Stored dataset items
-------------------------

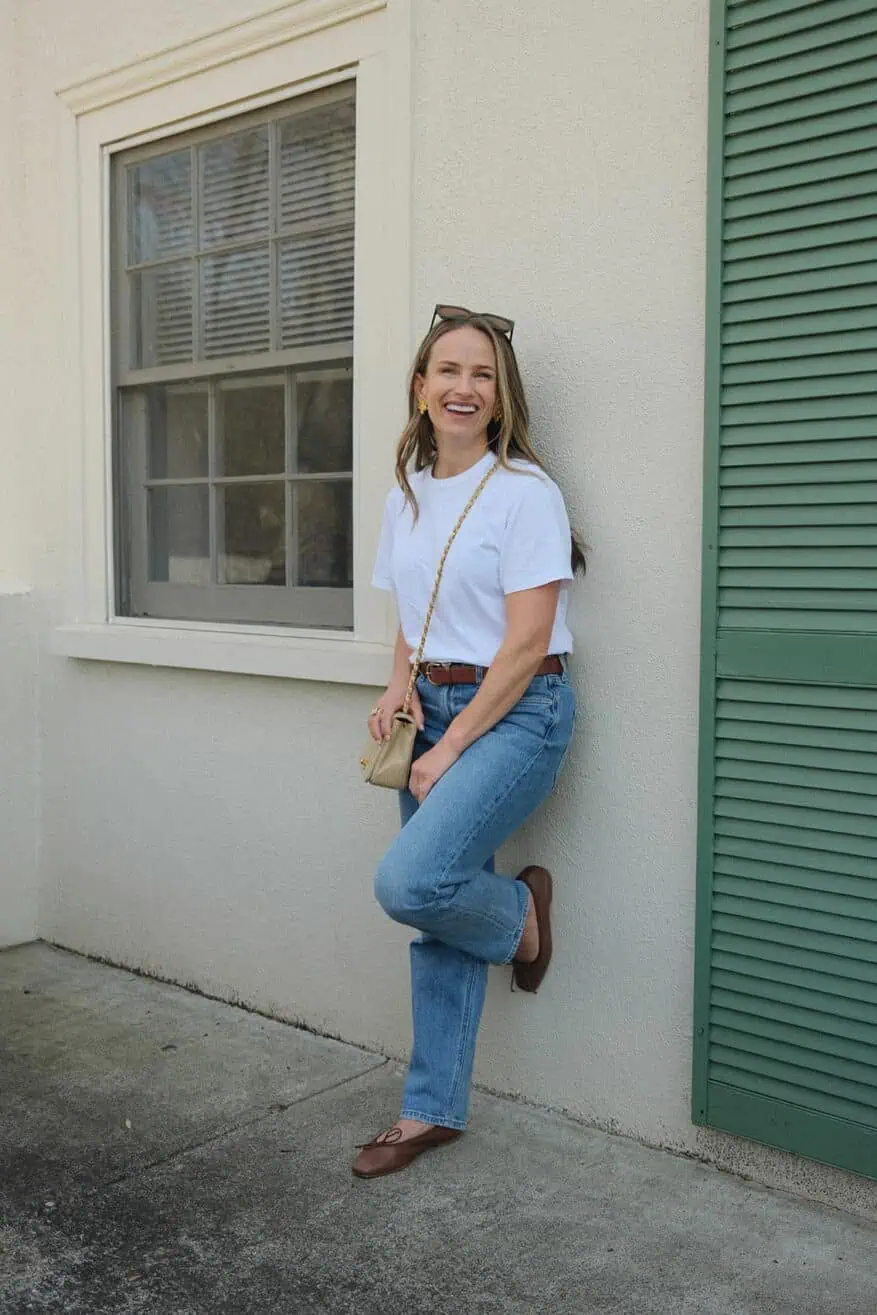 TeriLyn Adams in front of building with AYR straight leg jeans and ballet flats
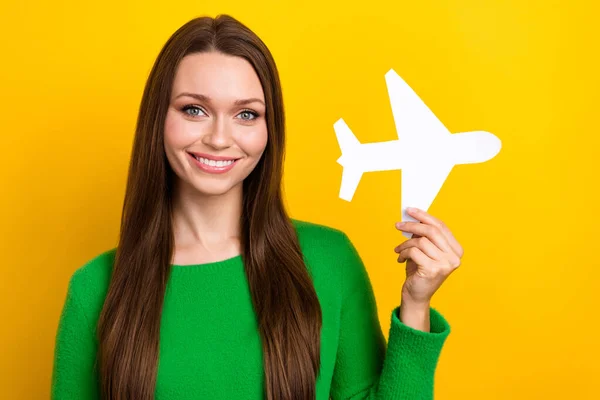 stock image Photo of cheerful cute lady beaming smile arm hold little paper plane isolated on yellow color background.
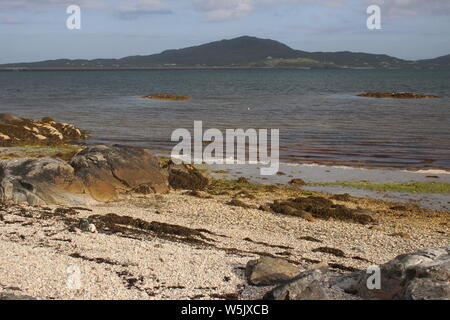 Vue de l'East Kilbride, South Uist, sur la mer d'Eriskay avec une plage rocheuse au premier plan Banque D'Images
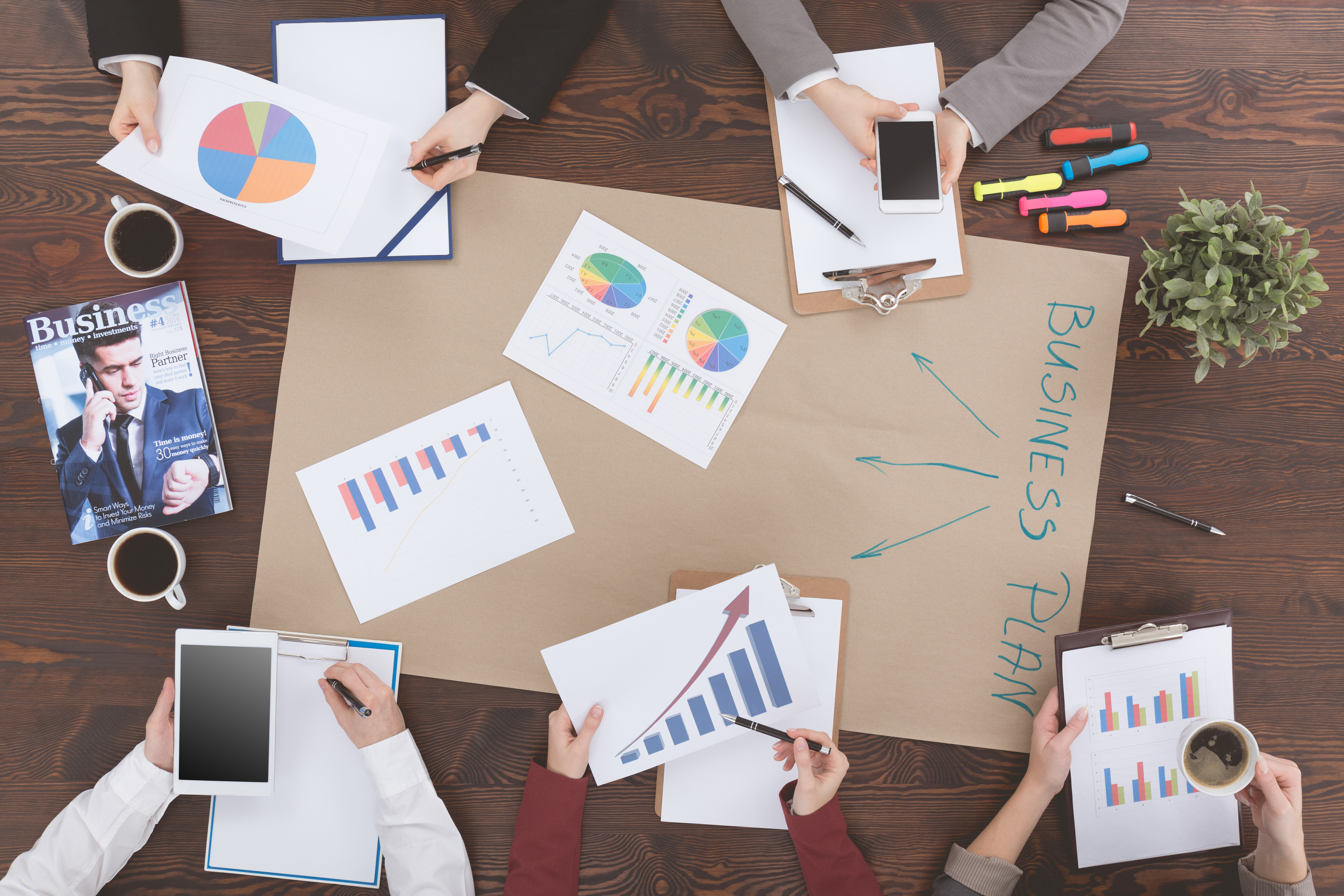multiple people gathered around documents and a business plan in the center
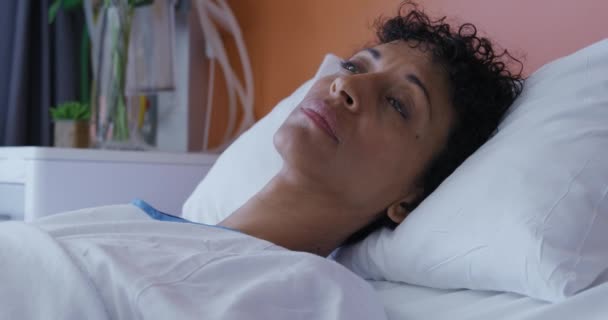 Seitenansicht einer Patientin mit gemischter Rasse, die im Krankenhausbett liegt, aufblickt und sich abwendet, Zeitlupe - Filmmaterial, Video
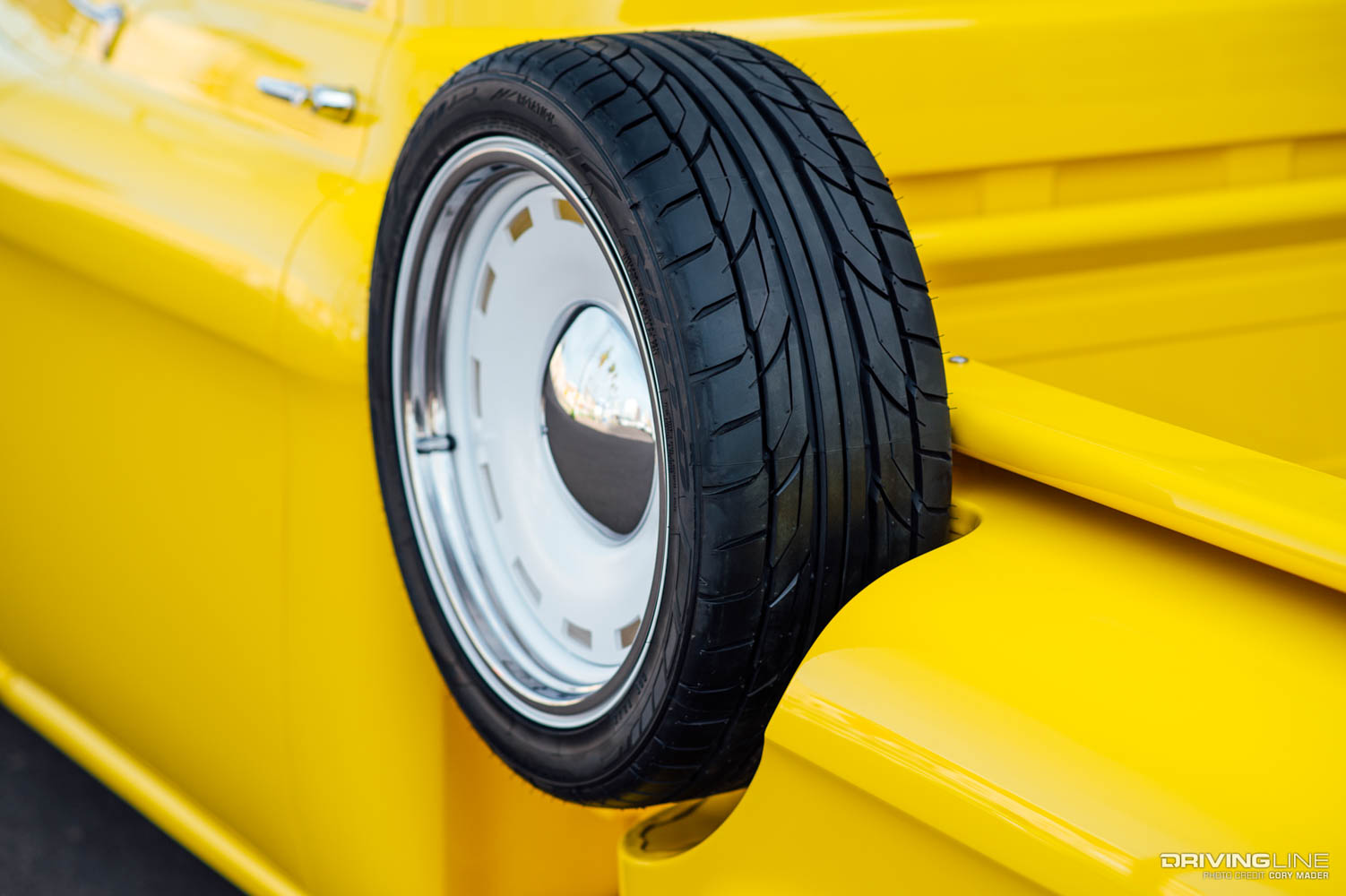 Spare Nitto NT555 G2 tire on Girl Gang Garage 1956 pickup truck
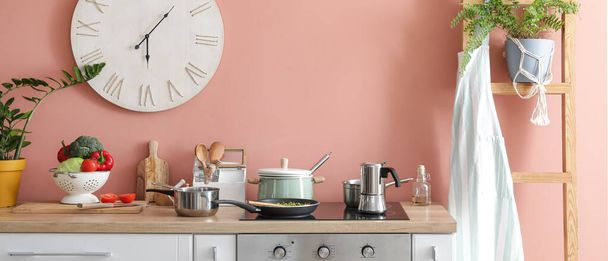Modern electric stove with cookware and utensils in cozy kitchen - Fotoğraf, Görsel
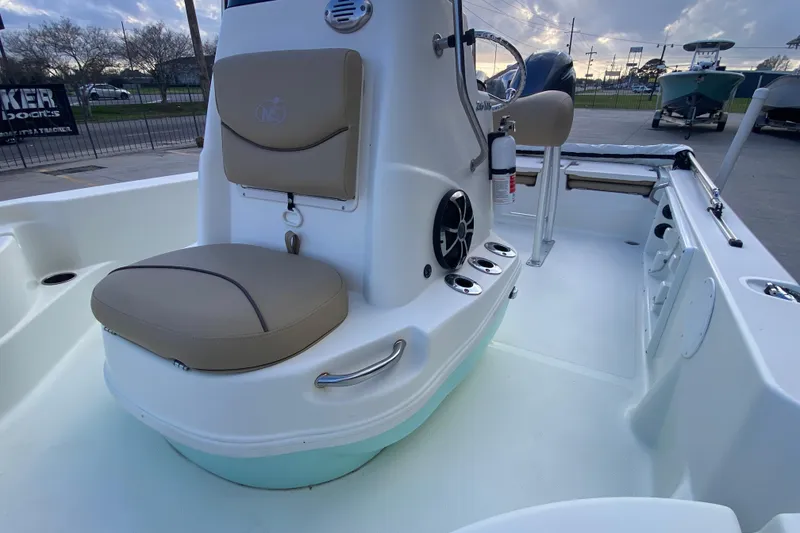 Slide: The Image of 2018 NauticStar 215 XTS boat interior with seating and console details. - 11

-------------------------

Assignment
Without the pictures, write out every line above exactly as it appears.

Solution for this exercise
 TeriLyn Adams in front of building with AYR straight leg jeans and ballet flats
 stock image Photo of cheerful cute lady beaming smile arm hold little paper plane isolated on yellow color background.
 Vue de l'East Kilbride, South Uist, sur la mer d'Eriskay avec une plage rocheuse au premier plan Banque D'Images
multiple people gathered around documents and a business plan in the center
 Seitenansicht einer Patientin mit gemischter Rasse, die im Krankenhausbett liegt, aufblickt und sich abwendet, Zeitlupe - Filmmaterial, Video
 Spare Nitto NT555 G2 tire on Girl Gang Garage 1956 pickup truck
Modern electric stove with cookware and utensils in cozy kitchen - Fotoğraf, Görsel
 Slide: The Image of 2018 NauticStar 215 XTS boat interior with seating and console details. - 11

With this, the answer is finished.